Andrew Lycett

War was never Sir Edward Grey’s métier

T.G. Otte admires the Liberal foreign secretary’s steady diplomacy – until the outbreak of war in 1914 left him a nervous wreck

Sir Edward Grey. Credit: Getty Images 
issue 12 December 2020

This meaty but easily digested biography pivots around the events either side of that fateful evening of 4 August 1914 when Britain’s ultimatum to Germany over Belgium ran out and Sir Edward Grey memorably remarked that the lamps were going out over Europe.

As foreign secretary for almost a decade before that, Grey had deftly orchestrated a web of alliances designed to keep the peace in Europe, and Britain the dominant global power. But war and its attendant carnage unravelled his life’s work, leaving him a nervous wreck. He hung on in office until 1916 when the new prime minister David Lloyd George unceremoniously swept him out.

Lloyd George later led the attack on him as a ‘calamitous foreign secretary’, so aloof and obsessed with the ‘concert of Europe’ that he neglected Liberal values in an rapacious imperialist age, and committed grave errors, such as failing to deter Russia from mobilising to support Serbia.

War and its attendant carnage unravelled Grey’s life work and left him a nervous wreck

You won’t find such criticism here. T.G. Otte is an admirer of Grey’s steady hand and application. As a diplomatic historian he revels in carefully drafted cables and personal contacts between Chancelleries. (The pre-war German and Russian envoys to Britain were first cousins, as of course were the hereditary rulers of all three countries.)

Similarly, there’s none of the determinism found in A.J.P. Taylor’s cheeky suggestion that railways accelerated the hostilities. Otte is a lucid champion of the human factor in the steady development of events. The main railway on offer is the North Eastern Railway (NER), of which Grey was chairman. Its earlier incarnation, the Newcastle and Berwick Railway, ran its line through land at Fallodon, his ancestral home in Northumberland, after his grandfather granted permission, as long as the company opened a ‘halt’ there, so he could get to London for government business.

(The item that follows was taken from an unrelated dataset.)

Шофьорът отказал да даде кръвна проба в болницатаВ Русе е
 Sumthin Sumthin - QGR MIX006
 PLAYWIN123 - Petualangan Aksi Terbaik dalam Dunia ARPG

That was the privileged background Grey sprang from. Otte neatly delineates the local country-house politics, where Greys sided with the Liberal Trevelyans against the Tory Ridleys and Percys, with the Whig Lambtons somewhere in between, all wary of the political ramifications of Tyneside industry.

Following a lacklustre apprenticeship at Winchester and Balliol (where he took a third class degree in jurisprudence), Grey made his mark at Westminster from 1892 as parliamentary undersecretary of state in the Foreign Office, specialising initially in commercial treaties. He quickly gained greater prominence, issuing the ‘Grey Declaration’, warning France against crossing Britain in the Upper Nile.

After a Conservative interregnum, which included the Boer War, the Liberals regained office in 1905 under Campbell-Bannerman. Grey was given licence to respond, as foreign secretary, to a dangerous world where emboldened rivals sensed that Britain wasn’t quite the force it once was.

Having demonstrated his imperialist credentials over South Africa, Grey confirmed he was no pushover, as he defused issues such as the Franco-German stand-off over Agadir in 1911. With his ‘studied vagueness’ or (another of Otte’s precise phrases) ‘constructive ambiguity’, he balanced Austro-Hungarian, Russian and Ottoman demands in a succession of flare-ups in the Balkans. Maintenance of the Raj remained central to his strategy, but he operated to a worldwide brief as he also guarded against American penetration of the Caribbean, and Japanese of China.

In leisurely Edwardian style, Otte explains how Grey survived through a mixture of conviction and ability. In foreign affairs he was clearly to the right of his party, retaining widespread confidence because he championed Britain’s interests and refused to compromise on her naval strength. But he was also a committed Liberal, believing in votes for women, Home Rule and universal education — a position, Otte argues, that was reinforced by the Nonconformist presence in his Berwick constituency.

When war came, Grey berated himself for failing to keep the peace. As a friend noted, he was ‘never intended for the service of Mars’. So he left the war office to its bellicose ways and focused on matters such as the economic boycott of Germany and maintaining good relations with America under its new, unpredictable president Woodrow Wilson.

After stepping down in 1916, he accepted a viscountcy. Although briefly Liberal leader in the Lords, he spurned overtures to participate in a post-war Centre party. His first wife Dorothy having died in an accident in 1906, he married Pamela Glenconner, one of three striking Wyndham sisters painted by Sargent. Otte resolutely abjures gossip, occasionally voiced elsewhere, about affairs and even illegitimate children.

Though almost blind, Grey was now only happy when indulging his passions for bird-watching, fly-fishing and nature, about which he wrote eloquently. Old concerns about collective international security remained clear from his support (verging on pacifist) for the League of Nations. Rather touchingly, his last parliamentary speech shortly before his death in 1933 tackled the then unfashionable subject of the threat of oil pollution to sea birds.